Almost twenty years after winning an Oscar for her portrayal of a working-class rape survivor who demands her day in court in The Accused, Jodie Foster stars in this mainstream film as a radio talk show host who goes on a killing spree after her fiance is beaten to death. I had never seen a film where a woman seeks vengeance for a violent crime against someone she loves before this one. Don't get it twisted though. The Brave One does more to freshen the vigilante genre than by just casting a woman as the lead. Unlike the average revenge film where the man goes on a mindless rampage and never questions the rightness of what he is doing, this is a character-driven story in which we see Foster's Erica Bain grapple with the complex emotions of being both victim and perpetrator. It's because of this I let the Hollywood ending slide.

3. Ms. 45

A proud barer of the feminist revenge fantasy label, this 1981 vigilante classic starring Zoe Lund remains controversial to this day. Some argue that it's not feminist at all. I would concede that it's a bit over the top for reasons I won't share in order to avoid spoilers. Just keep in mind that it's also supposed to be an exploitation flick and ask yourself if the protagonist had been a man would you be as strident in critique of its "extraness." In any event, Ms. 45 made my top five because Lund's Thana is a working-class woman with disabilities -- tell me how often do we see that!

4. Bandit Queen

While not without flaws, this film scores on many levels. Icing on the cake: it's based on a true story. You haven't seen gangster if you don't know the story of Phoolan Devi who not only avenged a brutal gang rape (that's right... she came for ALL them MFers), she went on be elected to office and nominated for a Nobel Prize. Devi was and remains a very controversial figure who brought suit against the filmmakers of Bandit Queen That just makes this movie even greater fodder for discussion, especially if you've read her story in her words in I, Phoolan Devi: Autobiography of the Bandit Queen as well as feminist discourse on her life and the film itself. It lends itself to conversations about retaliatory versus revolutionary violence, intersectionality (because to some Devi was an Indian Robin Hood whose actions were as much a statement about caste as well as gender), and much more.

5. Descent
With films like Quentin Tarantino's Deathproof and Frank Miller's Sin City, Rosario Dawson is no stranger to playing women who kick sexist ass. That said, you still don't know the depth of her acting chops and feminist politics until you see Descent.
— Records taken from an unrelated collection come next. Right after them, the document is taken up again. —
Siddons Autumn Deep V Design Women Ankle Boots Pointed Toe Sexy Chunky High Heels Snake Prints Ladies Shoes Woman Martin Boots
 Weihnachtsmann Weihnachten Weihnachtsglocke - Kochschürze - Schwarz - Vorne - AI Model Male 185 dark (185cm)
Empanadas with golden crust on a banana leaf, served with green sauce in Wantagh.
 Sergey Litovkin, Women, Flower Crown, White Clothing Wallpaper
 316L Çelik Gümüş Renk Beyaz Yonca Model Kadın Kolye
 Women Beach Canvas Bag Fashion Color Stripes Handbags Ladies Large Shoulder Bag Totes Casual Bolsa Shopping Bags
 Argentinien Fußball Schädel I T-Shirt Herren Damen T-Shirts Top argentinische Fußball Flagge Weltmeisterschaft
The title refers to just how far Dawson's character Maya sinks after a date rape. Her performance proves she is far more talented than many of her roles suggest, and writer/director Talia Lugacy deftly interweaves some race and class analysis that is rarely seen in movies about sexual assault. Both rapes -- the initial crime and the retaliatory act -- are extremely difficult to watch as they should be. This is no exploitation flick that eroticizes sexual assault or depicts violence so cartoonish it can be dismissed (like the vigilante cult classic I Spit On Your Grave.) As hard as it is, we should watch and discuss Descent right down to the final shot on Dawson's face that leaves no question as to whether vengeance is as sweet as Maya had hoped.

Listen to Rosario Dawson discuss rape, revenge and Descent here.

* One notable exception is the 1996 film Sleepers based on the book of the same name, starring a high-wattage cast that includes Brad Pitt, Jason Patric, Kevin Bacon, Robert DeNiro and the late Brad Renfro. After a prank turns into tragedy, four boys are sent to a juvenile correctional facility where they are ritually abused by the guards. Years later when two of the men stand trial after murdering one of their abusers, the other two conspire to fix the trial. Author Lorenzo Carcaterra insists that Sleepers was not a novel but based on true events in his life. Entities such as the Catholic Church and the New York State Department of Correction dispute his claims.

Have you seen any of these films? What do you think of them? What others would you add to this list?